The demand for fixed rate home loans climbed over May, after the Reserve Bank’s decision to cut the cash rate to 2%, as speculation mounts that rates have bottomed.
According to the latest national home loan approval data from
Mortgage Choice, fixed rate home loans made up 18.17% of all loans written in May - up from 17.91% the month prior.
Speaking about the data, Mortgage Choice chief executive John Flavell says the demand for fixed rate products hasn’t been this high since the beginning of the year.
“Since the Reserve Bank of Australia cut the official cash rate to the new historical low of 2% at its May Board meeting, speculation has started to mount that we are now at the bottom of the rate cycle,” he said.
“Following last month’s rate cut, the domestic economy has started to shows signs of improvement. Consumer sentiment improved dramatically, while business conditions retraced some of the gains reported in March.”
After the Reserve Bank decided to keep the cash rate on hold in its June board meeting earlier this week, Flavell says he expects the demand for fixed rates to climb higher.
“The longer the Reserve Bank avoids cutting rates, the more likely we will be to see borrowers locking themselves into a fixed rate product as they look to take advantage of the historically low rate environment,” he said.

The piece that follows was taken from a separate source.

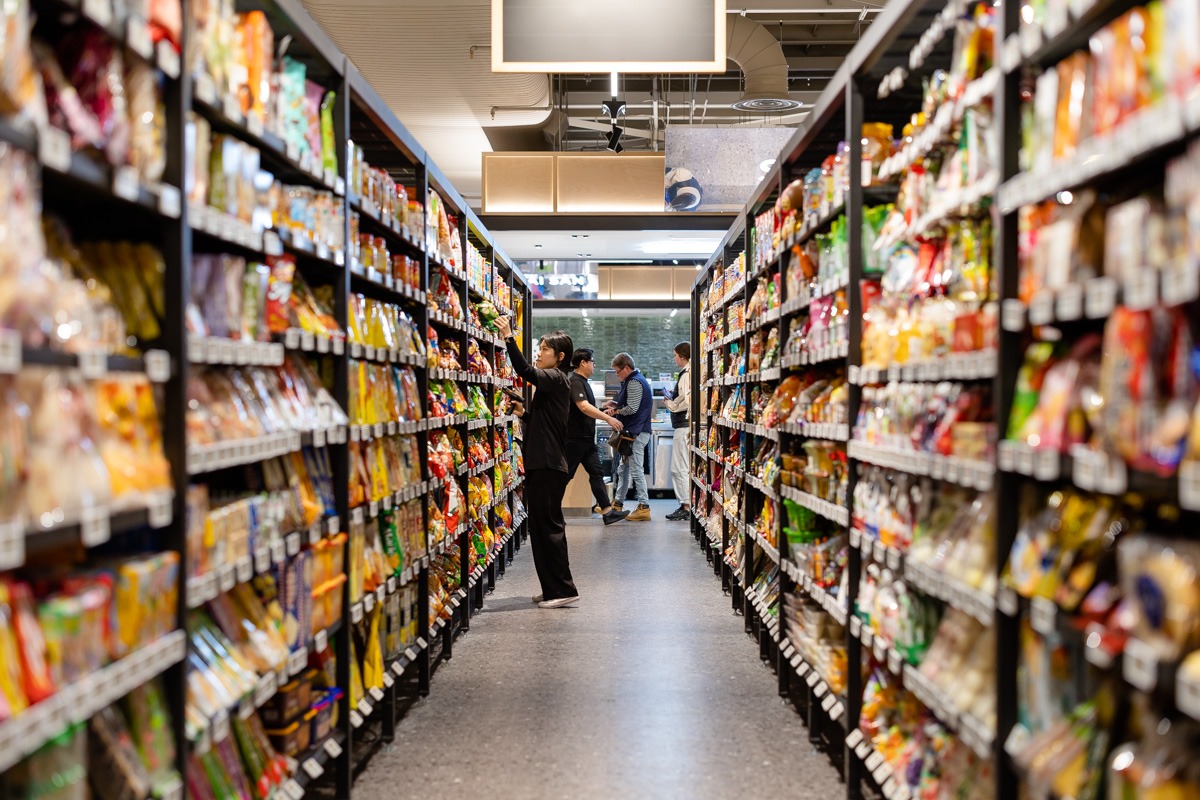 Grocery Shelving 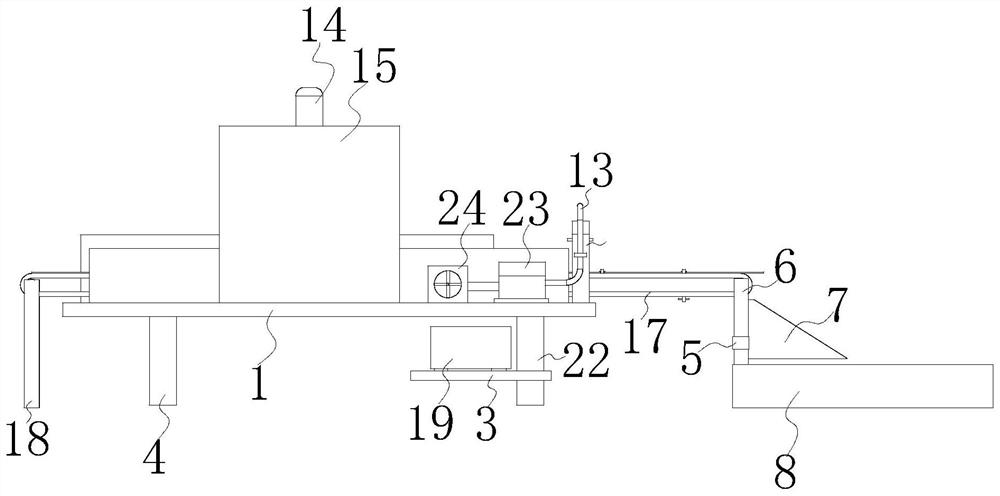 A cleaning device and cleaning method for ceramic tile processing capable of multi-angle edge grinding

According to the data, fixed rate demand had taken quite a hit prior to May. In April, fixed rate demand hit its lowest level in two years.
Consumer data from finder.com.au shares the same sentiment, finding that more than half of borrowers (56%) are concerned about rising interest rates – 33% more borrowers than last year.
As a result, almost one in three borrowers or those planning to buy a property (28%) are choosing to fix their home loan, while one in four (25%) are choosing to split their loan with part fixed and part variable.
According to the Mortgage Choice data, variable rates – more specifically ongoing discount home loans – were the most popular in May, with this type of product accounting for 46.29% of all loans written – up slightly from 43.96% the month prior.